Professor gave us this homework: given $B_t$ a standard brownian motion and $0<s<t$ compute
- $\mathbb{E}[B_t|B_s]$
- $\mathbb{E}[B_s|B_t]$
- $\mathbb{E}[B_{(t+s)/2}|B_s,B_t]$
The first one is easy: $\mathbb{E}[B_t|B_s]=\mathbb{E}[B_t-B_s+B_s|B_s]=B_s$ because of independent increments.
The second one was a little more difficult: I define ${W_t=tB_{1/t}}$ so that $0<\frac 1 t<\frac 1 s$ and then $$\mathbb{E}[B_s|B_t]=s\mathbb{E}[W_{\frac 1 s}|tW_{\frac 1 t}]=s\mathbb{E}[W_{\frac 1 s}|W_{\frac 1 t}]$$ Then using the previous exercise $$s\mathbb{E}[W_{\frac 1 s}|W_{\frac 1 t}]=s\mathbb{E}[W_{\frac 1 s}-W_{\frac 1 t}+W_{\frac 1 t}|W_{\frac 1 t}]=sW_{\frac 1 t}=\frac s t B_t$$ I don't know if I'm right on this one.
For the last one I don't know where to start: have you any suggestions?
Your solution for the second point is OK. Here is another solution.
Let's find a constant $c$ such that $B_s - cB_t$ and $B_t$ are uncorrelated: $$\mathrm{cov}(B_s - cB_t, B_t) = \mathrm{cov}(B_s, B_t) - c \ \mathrm{cov}(B_t, B_t) = s - ct = 0 \Rightarrow c = \frac st.$$
Thus, $B_s - \frac st B_t$ and $B_t$ are uncorrelated and hence independent (because they are Gaussian).

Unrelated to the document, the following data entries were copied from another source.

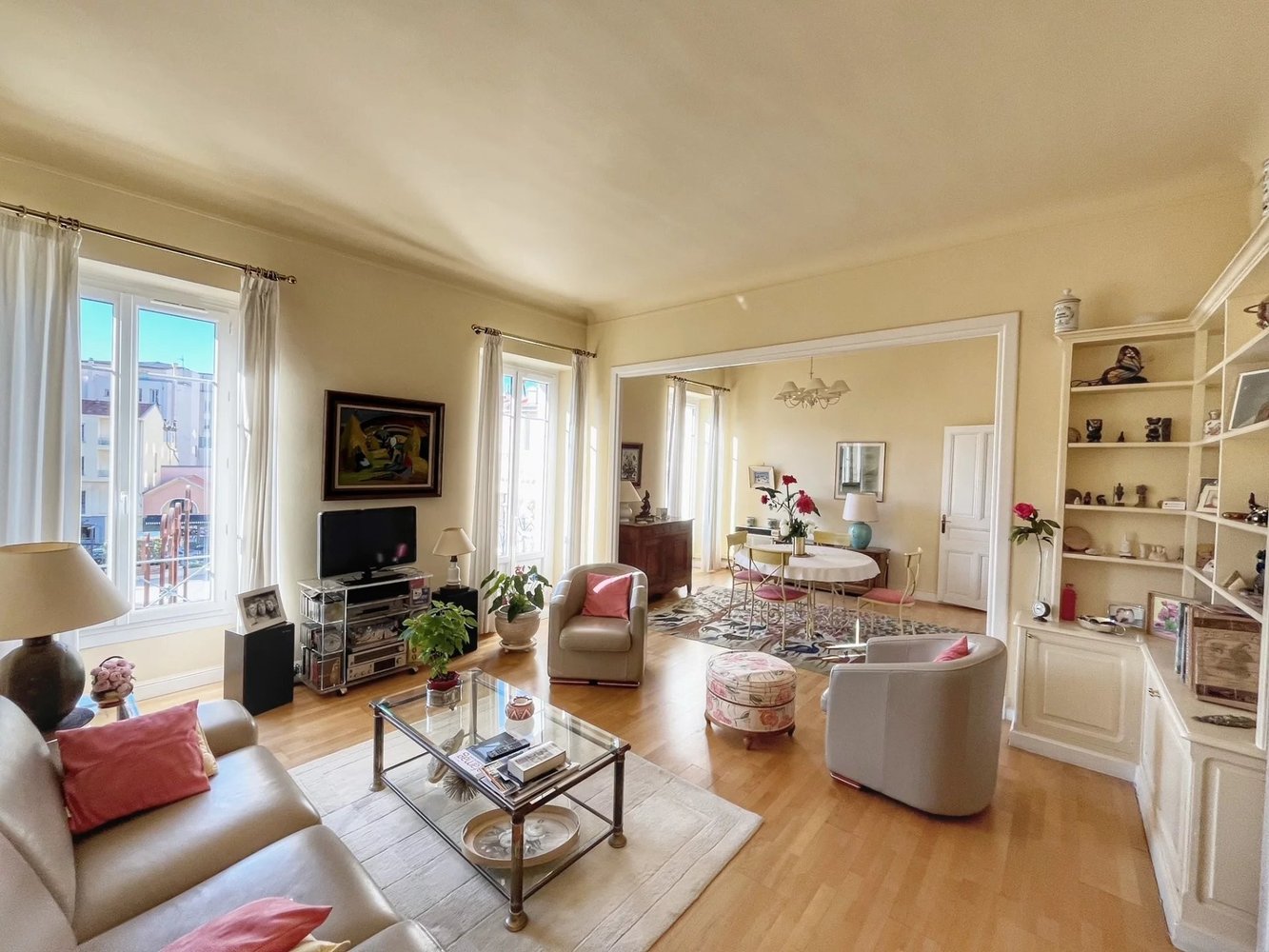 Property photo in Carre d'Argent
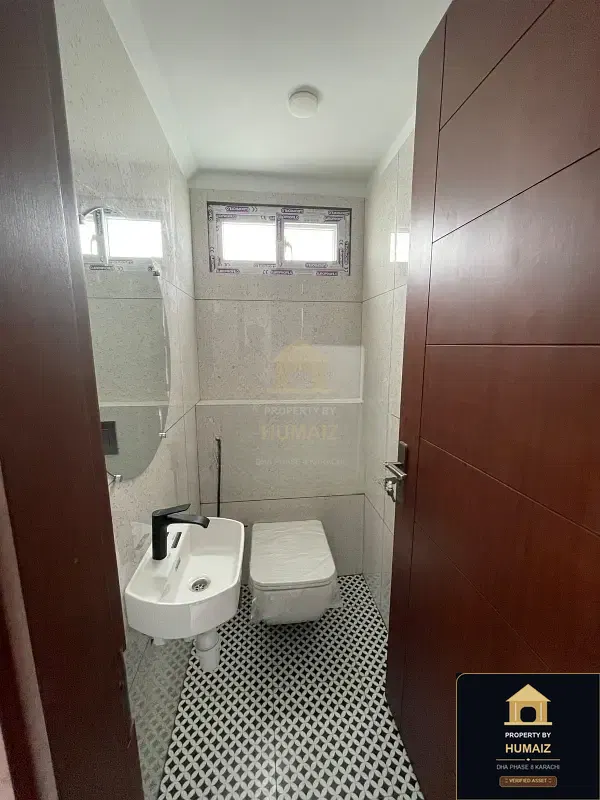 500 Sq. Yd. 6-Bedroom Luxury Villa (6 Bath, Residence 93) in DHA Phase 8 For Sale in DHA Phase 8 Karachi — Photograph 4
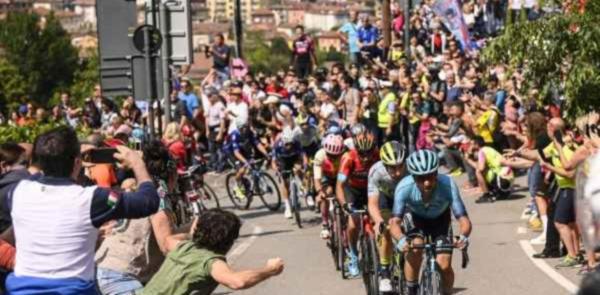 Domenica scalata a Oropa Lunedì l’arrivo a Fossano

Then subtract and add the term $\frac st B_t$ inside the conditional expectation: $$\mathbb E[B_s \ | \ B_t] = \mathbb E\left[B_s - \frac st B_t + \frac st B_t\ | \ B_t\right] = \mathbb E\left[B_s - \frac st B_t | \ B_t\right] - \mathbb E\left[\frac st B_t\ | \ B_t\right].$$ The first conditional expectaion turns into the usual expectaion due to independency: $$\mathbb E\left[B_s - \frac st B_t | \ B_t\right] = \mathbb E\left[B_s - \frac st B_t\right] = \mathbb E[B_s] - \frac st \mathbb E[B_t] = 0.$$ Since $B_t$ is $\sigma(B_t)$-measurable, $$\mathbb E\left[\frac st B_t\ | \ B_t\right] = \frac st B_t.$$ So finally, $\mathbb E[B_s, B_t] = \frac st B_t$.